ASSIGNMENT:
Without the pictures, set down the records below word for word.

▬▬▬▬▬▬

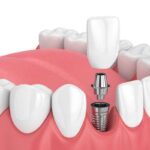 Dental Implant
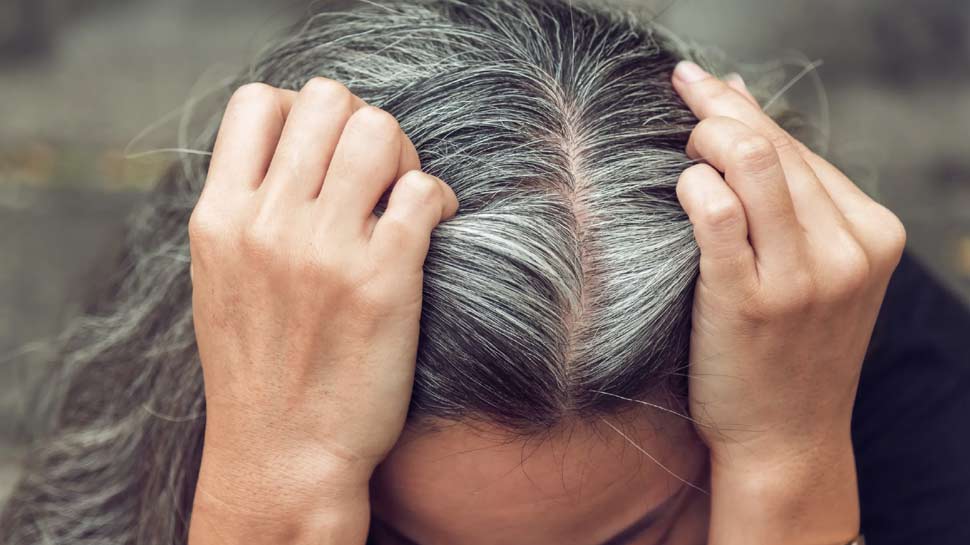 1148161 white hair
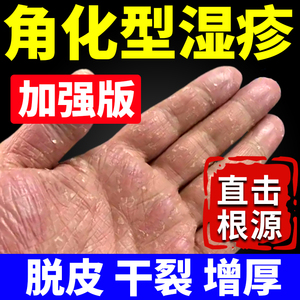 角化型湿疹止痒去成人手癣膏脱皮干裂真菌感染外用顽固皮炎根cc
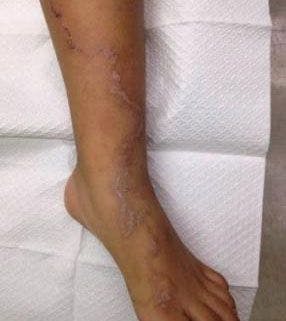 A Migrating Lesion After a Walk on the Beach: Your Dx?
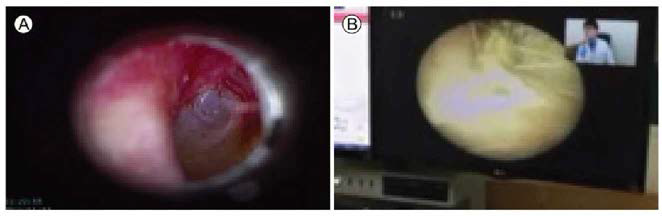 비대면 진료 환경에서 동일한 부위를 촬영한 2개의 영상 (출처 : 김종엽 • 이관익, 2020) *Multifunction medical Camera. (A) Patient´s external auditory canal photo taken with a multifunctional camera considering in telemedicine environment. (B) Patient´s external auditory canal photo taken with a regular multifunctional camera
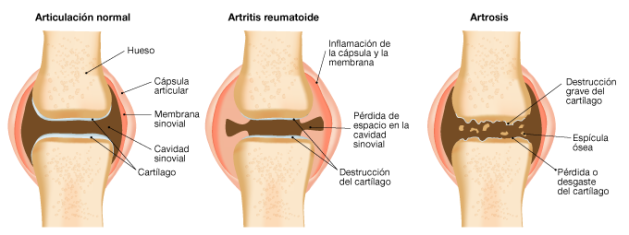 Resultado de imagen de artrosis y artritis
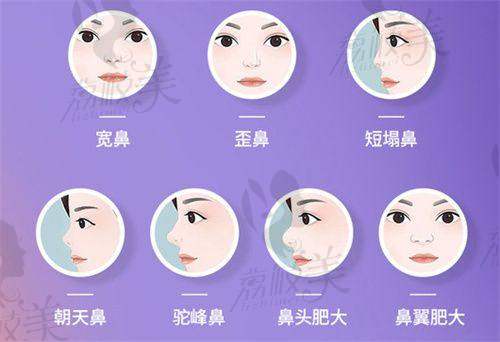 广州丽合整形医院的技术实力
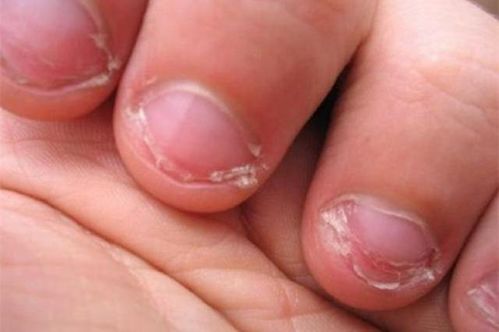 八字中哪些组合容易导致皮肤病？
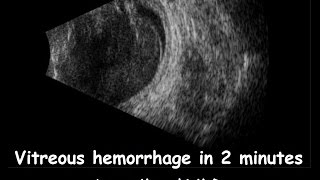 Vitreous hemorrhage in 2 minutes [upl. by Aralomo]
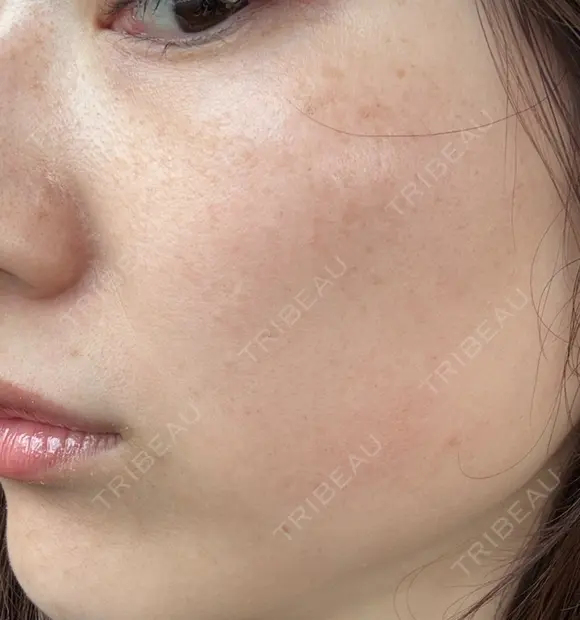 ピーリング（ハリ・ツヤ） / ルメッカ L‘amour clinic Tokyo【ラムールクリニック東京】 DAY 4 メイン用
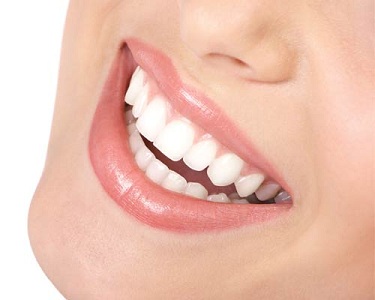 white-smile1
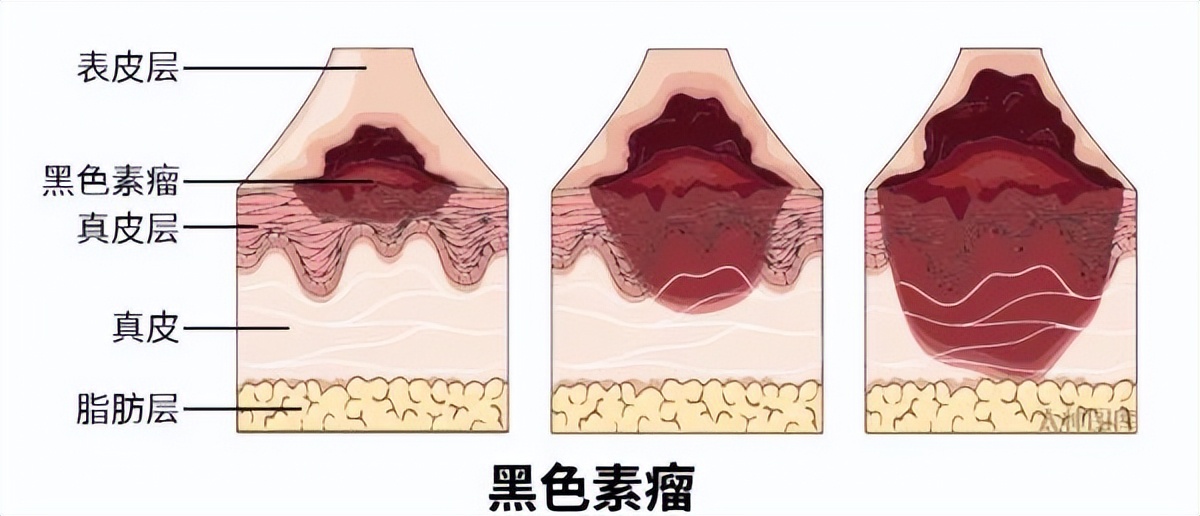 19种癌的早期信号和筛查建议——早知道能救命！
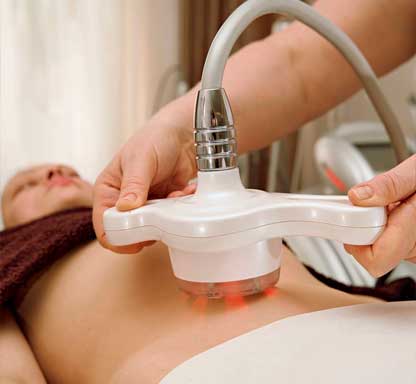 RF-лифтинг тела на аппарате 3-MAX в Екатеринбурге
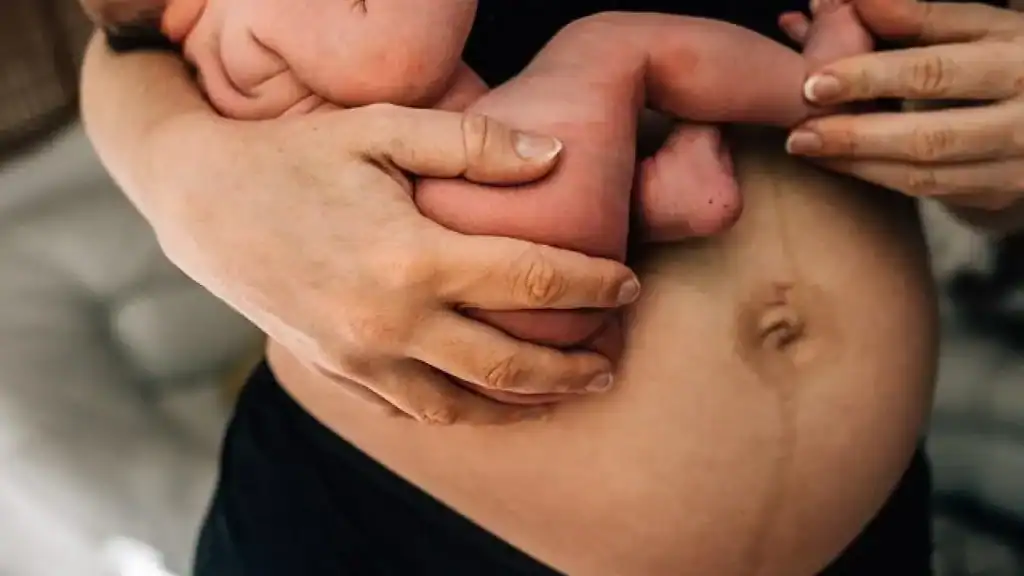 Why Is My Stomach Still Big After Pregnancy Walton on the Hill?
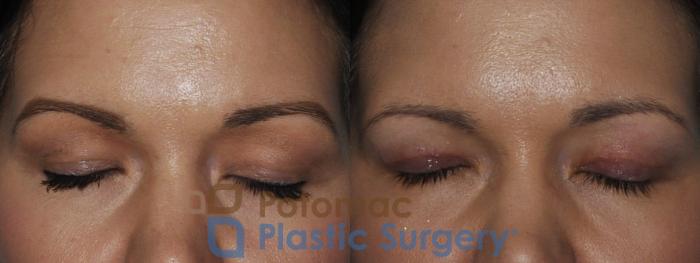 Before & After Liquid Facelift Case 199 Front View #2 View in Washington DC & Arlington , DC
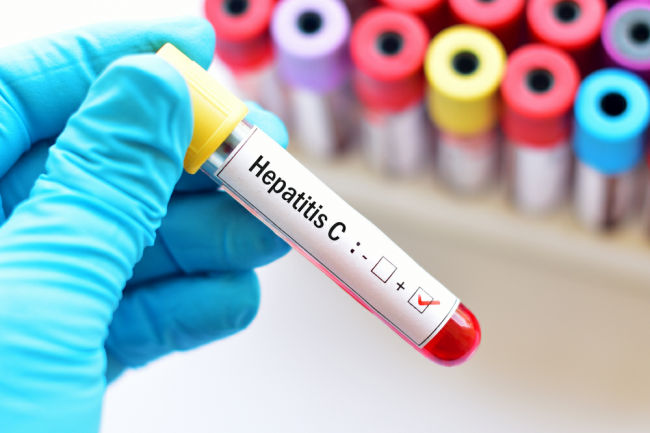 Hepatitis menular melalui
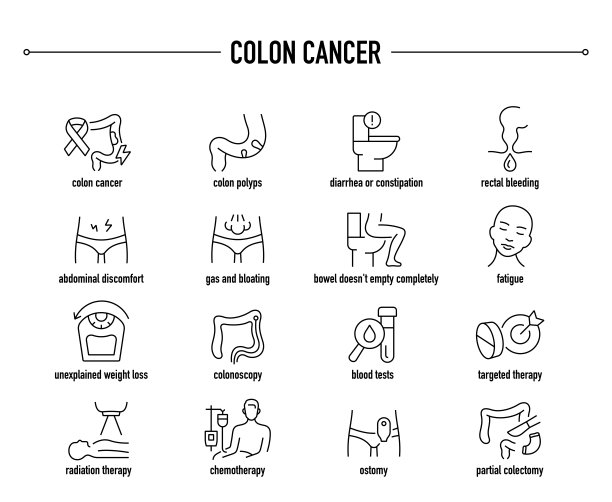 结肠癌矢量图标集。行编辑医疗图标。图片下载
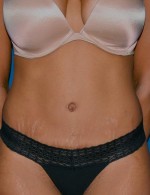 Tummy Tuck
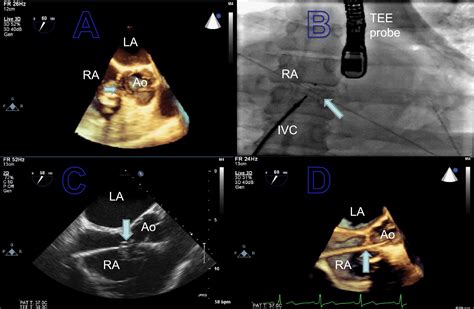 The Use Of Real Time Three Dimensional Transesophageal Echocardiography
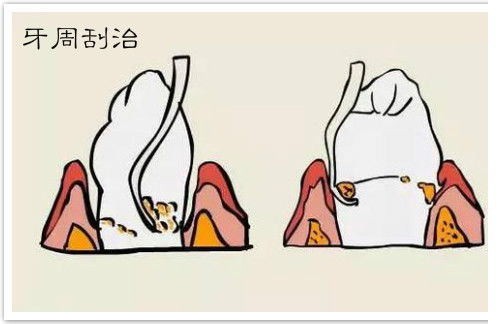 牙齒刮治后的注意事項(xiàng)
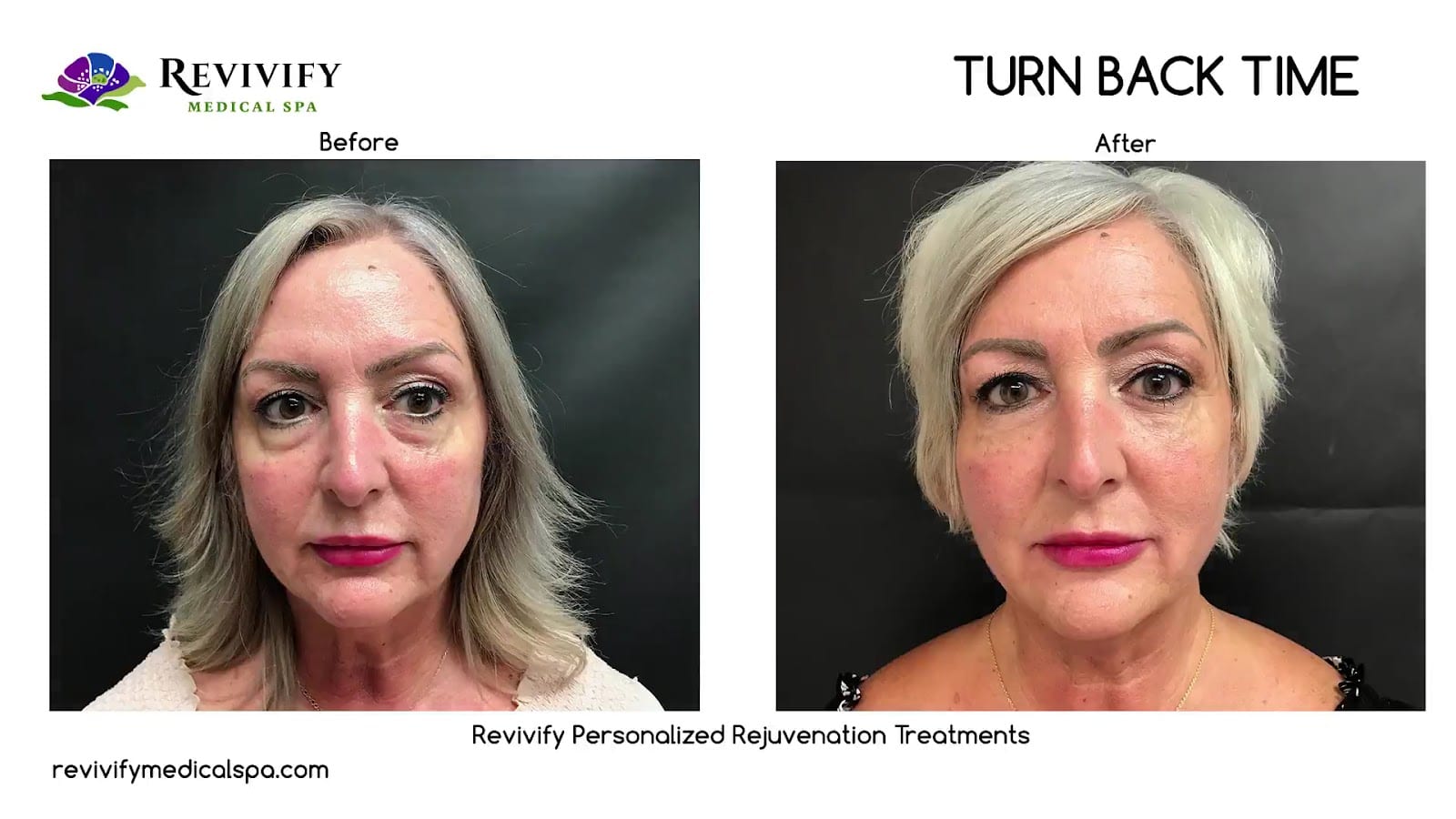 Revivify Medical Spa PLLC, photo 4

▬▬▬▬▬▬

COMPLETED EXERCISE:
 Dental Implant
 1148161 white hair
 角化型湿疹止痒去成人手癣膏脱皮干裂真菌感染外用顽固皮炎根cc
 A Migrating Lesion After a Walk on the Beach: Your Dx?
 비대면 진료 환경에서 동일한 부위를 촬영한 2개의 영상 (출처 : 김종엽 • 이관익, 2020) *Multifunction medical Camera. (A) Patient´s external auditory canal photo taken with a multifunctional camera considering in telemedicine environment. (B) Patient´s external auditory canal photo taken with a regular multifunctional camera
 Resultado de imagen de artrosis y artritis
 广州丽合整形医院的技术实力
 八字中哪些组合容易导致皮肤病？
 Vitreous hemorrhage in 2 minutes [upl. by Aralomo]
 ピーリング（ハリ・ツヤ） / ルメッカ L‘amour clinic Tokyo【ラムールクリニック東京】 DAY 4 メイン用
 white-smile1
 19种癌的早期信号和筛查建议——早知道能救命！
 RF-лифтинг тела на аппарате 3-MAX в Екатеринбурге
 Why Is My Stomach Still Big After Pregnancy Walton on the Hill?
 Before & After Liquid Facelift Case 199 Front View #2 View in Washington DC & Arlington , DC
 Hepatitis menular melalui
 结肠癌矢量图标集。行编辑医疗图标。图片下载
 Tummy Tuck
 The Use Of Real Time Three Dimensional Transesophageal Echocardiography
 牙齒刮治后的注意事項(xiàng)
 Revivify Medical Spa PLLC, photo 4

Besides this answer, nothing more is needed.